What the exercise asks >> No pictures, nothing altered: return the data below.

Dataset extract >>
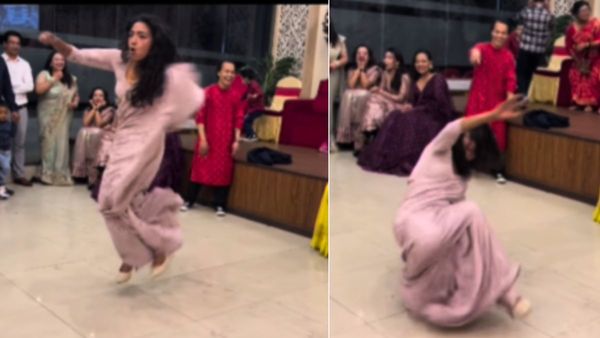 ये क्या! हील्स और साड़ी पहनकर पागलों की तरह नाचने लगी महिला, कई बार गिरी और फिर...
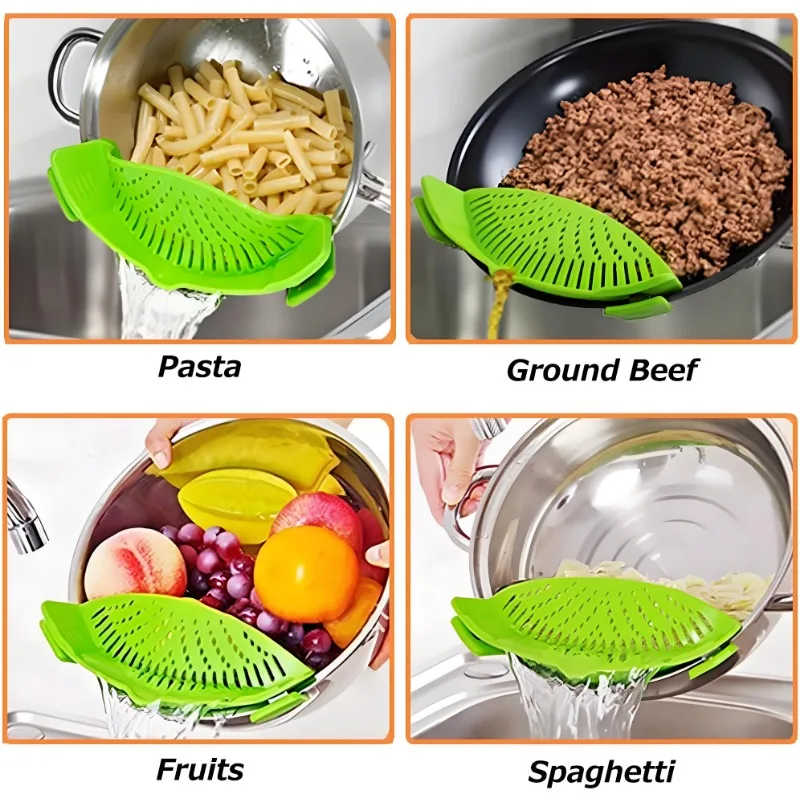 Pasta Obst Gemüse Sieb Silikon Clip-on Pan Topf Sieb Universal Hitzebeständige Pasta Topf Sieb Küche Gadgets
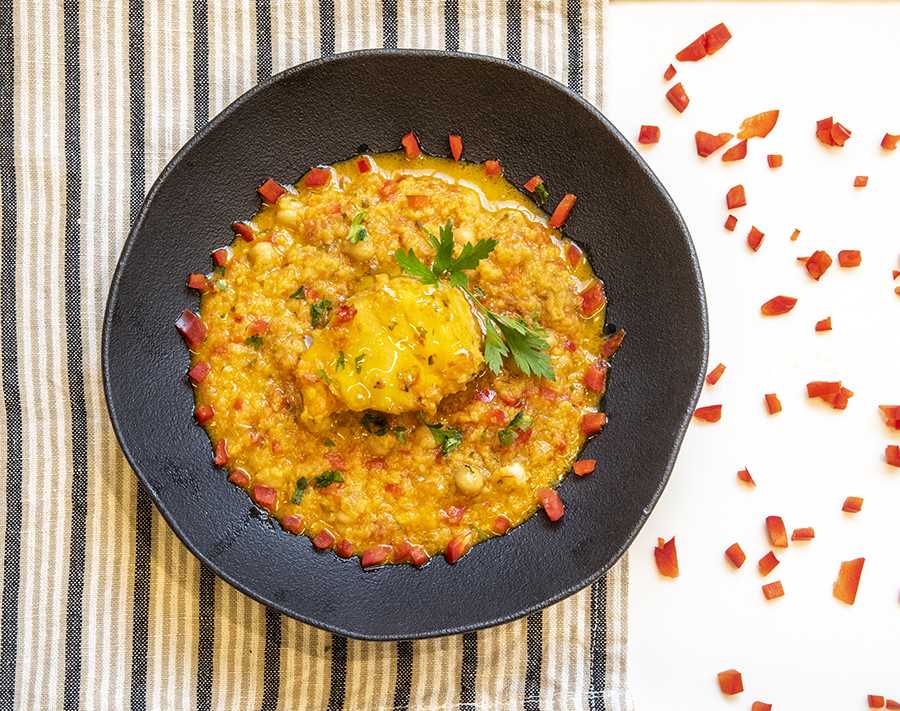 Moqueca de Bacalhau com Grão-de-Bico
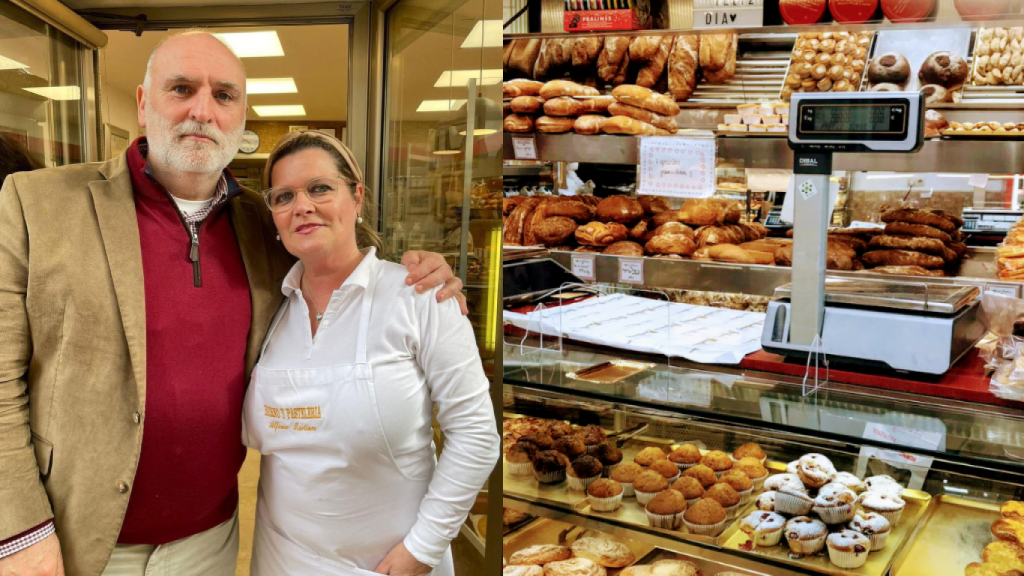 El chef José Andrés con una de las trabajadoras de la panadería.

Completed task >>
 ये क्या! हील्स और साड़ी पहनकर पागलों की तरह नाचने लगी महिला, कई बार गिरी और फिर...
 Pasta Obst Gemüse Sieb Silikon Clip-on Pan Topf Sieb Universal Hitzebeständige Pasta Topf Sieb Küche Gadgets
 Moqueca de Bacalhau com Grão-de-Bico
 El chef José Andrés con una de las trabajadoras de la panadería.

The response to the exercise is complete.